ELEVEN hotels will be established in six townships in Chin State next fiscal year, said Salai Isac Khin, Chin State Minister for Municipal Affairs, Electricity and Industry.

About 30 local entrepreneurs submitted their proposal to build 39 hotel facilities in the state to the government.

The local authorities permitted some of them to construct a total of 11 hotels in target towns including three hotels in Haka Township, two hotels in Falam Township, further two hotels in Tiddim Township, one hotel in Khaingkan Township, two hotels in Matupi Township and one hotel in Paletwa Township.

Apart from Khaingkan, the government will provide land plot for hotel projects, which will be implemented with the investment of local entrepreneurs within three months starting from the time they received green light from the authorities.

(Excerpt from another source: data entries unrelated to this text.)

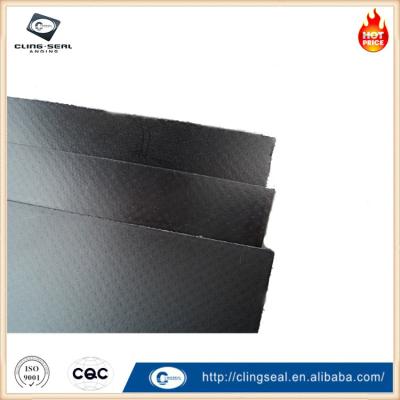 High Compressibility Reinforced Graphite Gasket Sheets For Industrial Flanges And Joints
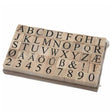 Empresa creativa https: www.cchobby.nl sellos-tamaño-20x20-mm-ca-15-mm-45-piece-1-box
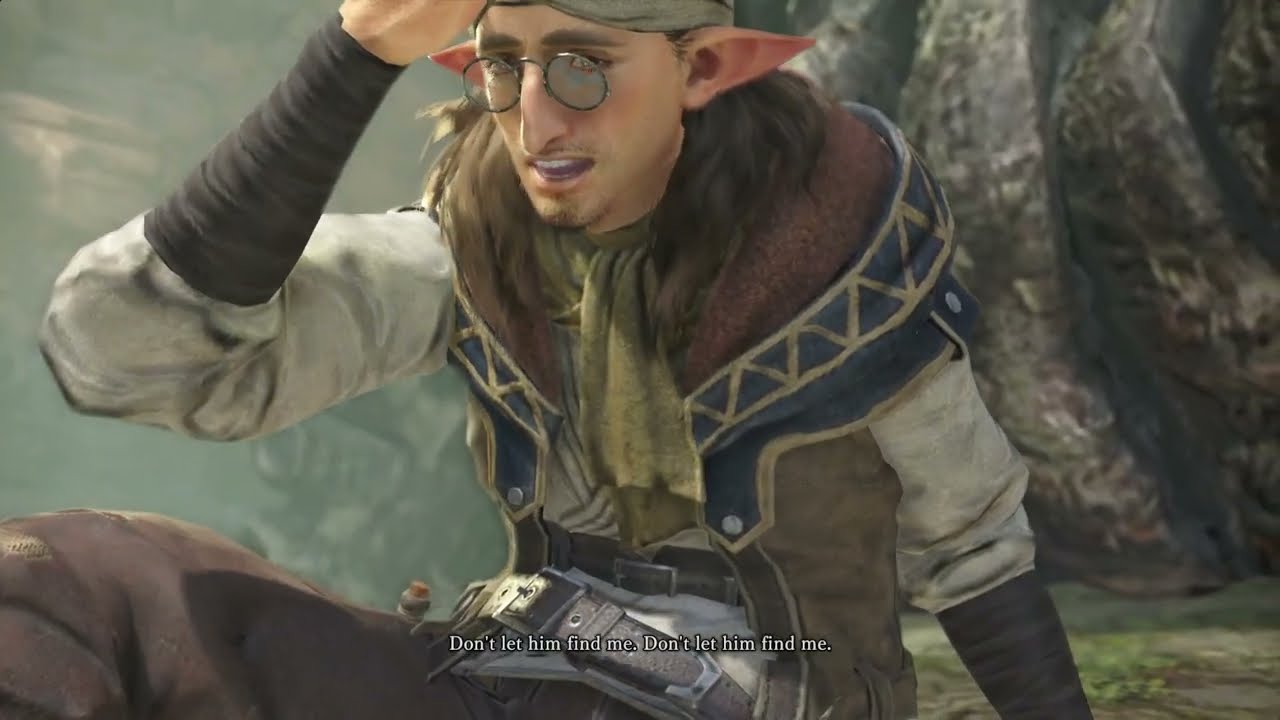 The Restless Swamp | Monster Hunter World (Gallery Only)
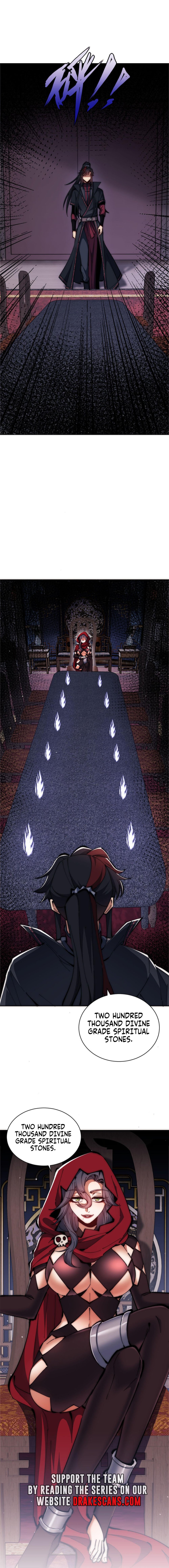 Master: This Villainous Disciple Is Not The Holy Child chapter 33 page 10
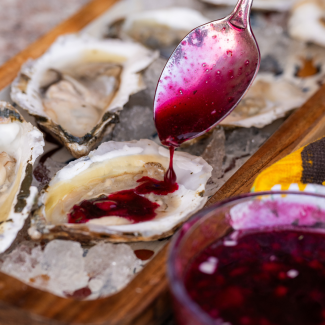 Oyster Insta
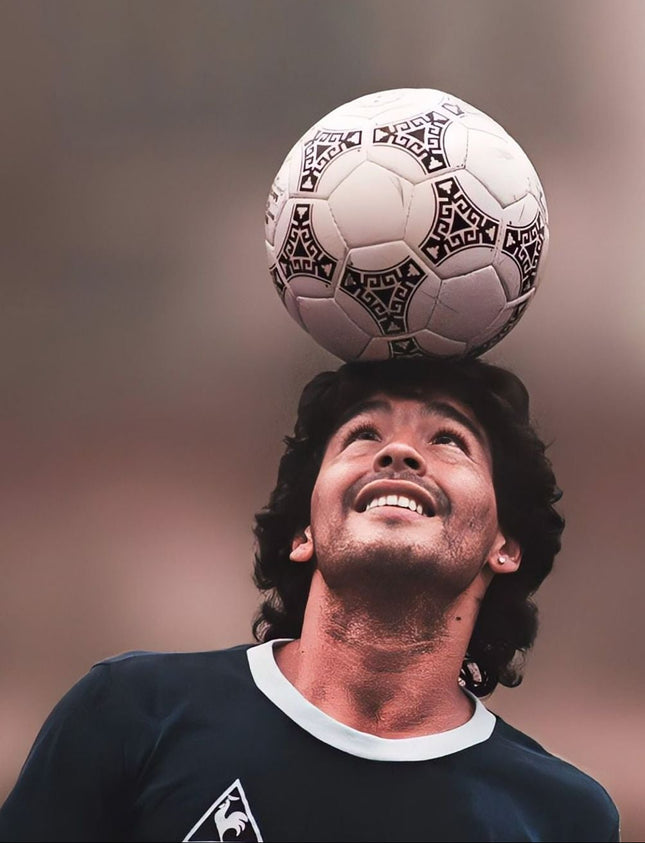 LEGGENDA IMMORTALE - MARADONA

The selected companies include KL Amazing Co, King Solomon Co, Chan Tha Shwe Mye Co, Adventures Myanmar Co, Falam Cherry Co, Unique Asia Gate Construction Co, Shwe Sin Nan Daw Co, Sweet Hotel Group, Shwepyitagkhon Co, Chindwin Ayeya Co, Taungzalat Hotel Co and one other.

Apart from Kanpetlet and Mindat townships, there is no hotel-level accommodation facility in other towns in Chin State.